= Ono (P2P) =

The Ono project is a software service that allows Peer-to-peer file sharing (P2P) clients to efficiently identify nearby peers. Using local peers takes pressure off international and other long distance transfers, and is said to simultaneously increase file download speeds.

This is a research project of Fabián E. Bustamante's AquaLab group at Northwestern University.

Ono claims to be able to increase download rates by between 31% and 207% on average, depending on whether the client is on an overloaded network or one with large available bandwidth. It is most visible as a plugin for the Azureus BitTorrent client - it is also available as an open tracker, and the Aqualab research group has recently published code to make Ono services easy to incorporate into other applications.

A more recent evaluation (one that used a single client connected to only one ISP located in the United States) has shown that Ono's benefits in practice are far short of the claims made in the original paper. In particular, when downloading real BitTorrent swarms while measuring the end-to-end benefits of using Ono, performance is unchanged, and interdomain traffic is reduced by less than 1%.

Ono is open source and does not require additional infrastructure.

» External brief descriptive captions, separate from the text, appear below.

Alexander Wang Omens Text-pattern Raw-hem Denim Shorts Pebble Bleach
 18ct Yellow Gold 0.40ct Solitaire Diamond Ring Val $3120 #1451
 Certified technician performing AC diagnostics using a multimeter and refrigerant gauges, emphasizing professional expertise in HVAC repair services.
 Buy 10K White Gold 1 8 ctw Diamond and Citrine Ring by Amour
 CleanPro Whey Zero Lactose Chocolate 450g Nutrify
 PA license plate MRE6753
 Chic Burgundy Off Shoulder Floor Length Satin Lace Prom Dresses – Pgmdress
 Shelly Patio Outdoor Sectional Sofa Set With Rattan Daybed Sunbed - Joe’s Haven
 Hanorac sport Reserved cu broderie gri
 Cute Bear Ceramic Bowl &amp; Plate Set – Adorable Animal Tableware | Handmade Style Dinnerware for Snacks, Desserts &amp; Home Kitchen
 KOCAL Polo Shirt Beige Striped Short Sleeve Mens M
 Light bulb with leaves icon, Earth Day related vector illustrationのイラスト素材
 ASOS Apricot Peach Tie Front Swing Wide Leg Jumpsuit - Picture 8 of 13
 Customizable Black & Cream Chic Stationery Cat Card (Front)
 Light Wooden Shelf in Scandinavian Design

To determine which peers are close by, Ono learns from existing content distribution networks (CDNs) such as Akamai and Limelight. It assumes that if 2 client computers are sent to the same CDN server, they are likely to be close to each other - and more effective peers.

The P4P project shares a similar goal to Ono, but requires co-operation with ISPs and the installation of "iTracker" servers to identify nearby peers.